As I understand, the Prop-1 is controlling 5VDC. The LEDs light with a 510 ohm resistor and a 9VDC battery. I think your resistor value is too high. Two LEDs in series, assuming a voltage drop of 2.4VDC and a current of 20mA (both fairly conservative values) would only need a 10 ohm resistor. Try reducing the resistor value.


----------



## hpropman (Jul 27, 2008)

OK first do not remove the resistor I would use a smaller resistor (5V - 2V) / .02 =150 ohms. TTL is 5 volts not 9. anything from 150 to 300 should be fine. Even with the 510 it should light although it may be dim compared to a 150 - 180 resistor. second if you are using different power supplies for the circuits (e.g - a prop1 power and a battery) then the grounds need to be connected to complete the circuit (ground is ground the world around) always remember that. third - lets eliminate the program for a minute and just write a program to blink the led on output 2 just to make sure that the hardware works. Once we know the hardware is good then we can go back and debug the program.

Here is a link to a led resistor calculator - just plug in the numbers and it tells you what resistor size you need. 
http://led.linear1.org/1led.wiz

edit: I forgot that there were two leds not one so Otaku is correct (5V-2V (one led) -2V (second led) /.02 =50 ohms


----------



## bradbaum (Jul 26, 2008)

Otaku is correct the servo connection does put out +5, the ULN chip outputs are the current sink. I have always hooked my LEDs up to the ULN chip outputs, they get fed +12V from that connector.


----------



## JonnyMac (Apr 5, 2007)

The Prop-1 has a 220-ohm resistor in series with every TTL IO pin but that will not stop your circuit from working -- it will just make the LED dimmer when it's on. 

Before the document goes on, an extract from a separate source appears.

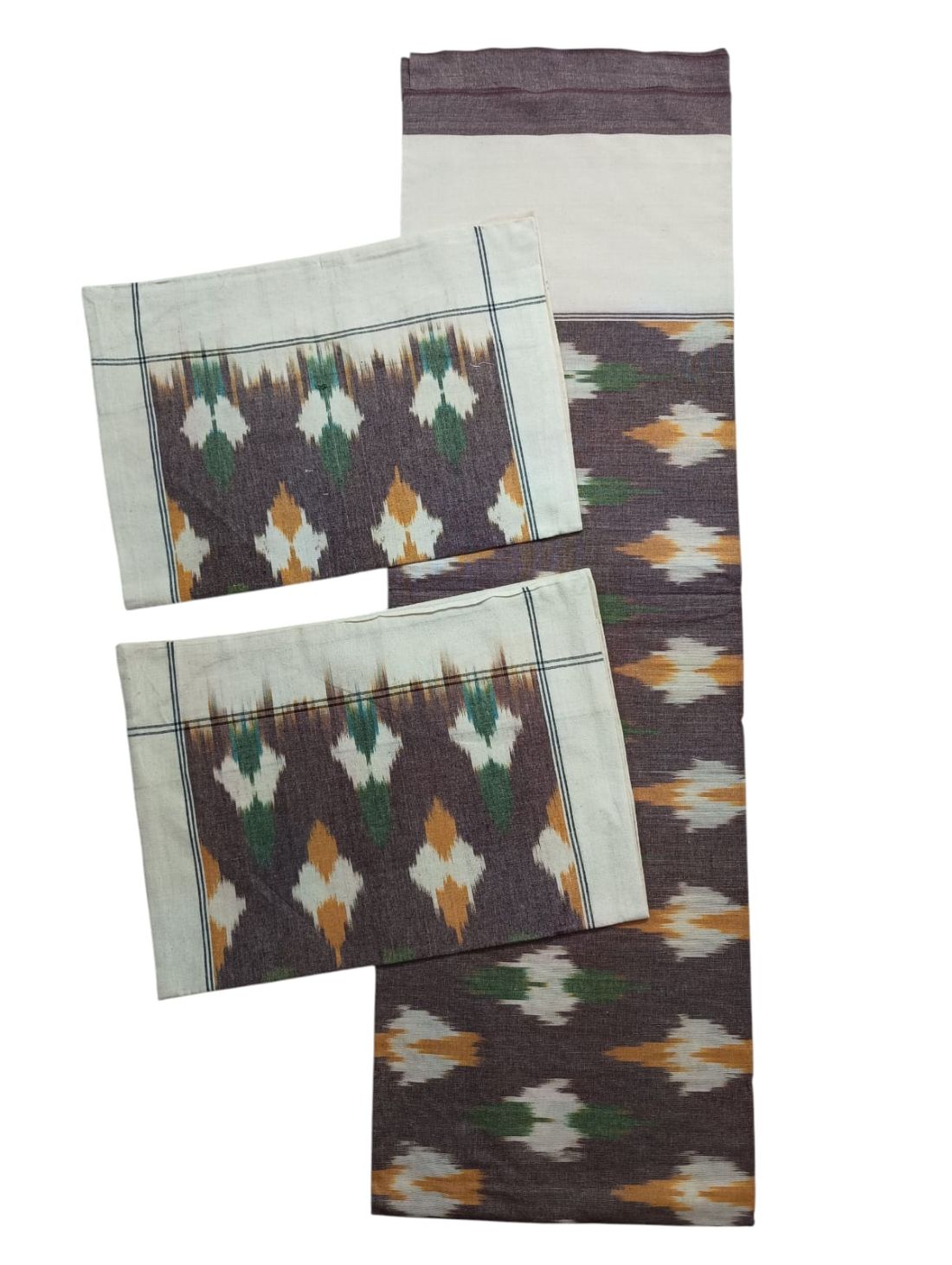 Pochampally Ikkat BedSheets, pochampally bedspreads with pillow covers, Ikkat Bedsheets, Ikkat Bedsheet Manufacturer, Ikkat bedsheets wholesale, Handloom bedsheets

You should write a simple test program first that makes pin 2 high -- one line:

HIGH 2

to make sure the LEDs light. If your LEDs are typical and have 1.5v drop you're probably getting about 3mA through them -- low, but you should still see it. With two LEDs in series and the 220-ohms built in you could leave out the 510-ohm LED; that will allow 9mA through the LEDs which will be plenty bright. BTW, when using the 9v battery you were getting about 12mA through the LEDs. If you need more current then use the V+/OUT2 connection and set your resistor as needed (with the 510 you have the V+/OUT2 connection should give you about 16mA).

Sorry, I don't get a chance to visit other boards very often; if you have an EFX-TEK question be sure to copy it to our board as well, or give us a call.

Jon
EFX-TEK Hollywood Office


----------



## HalloweenRick (Nov 25, 2005)

Thanks Jonny Mac! That worked like a charm! Took out the resistor completely and added HIGH 2 to the program, and we've got working LEDs! Thanks to all who replied!


----------



## JonnyMac (Apr 5, 2007)

Excellent -- but you don't need the HIGH 2 in your program (that was just for testing); this bit of code cause the program to start with the eyes on.

Reset:
PINS = %00000100 ' eyes on
DIRS = %00000111 ' set outputs

It was the resistor removal that did the trick.


----------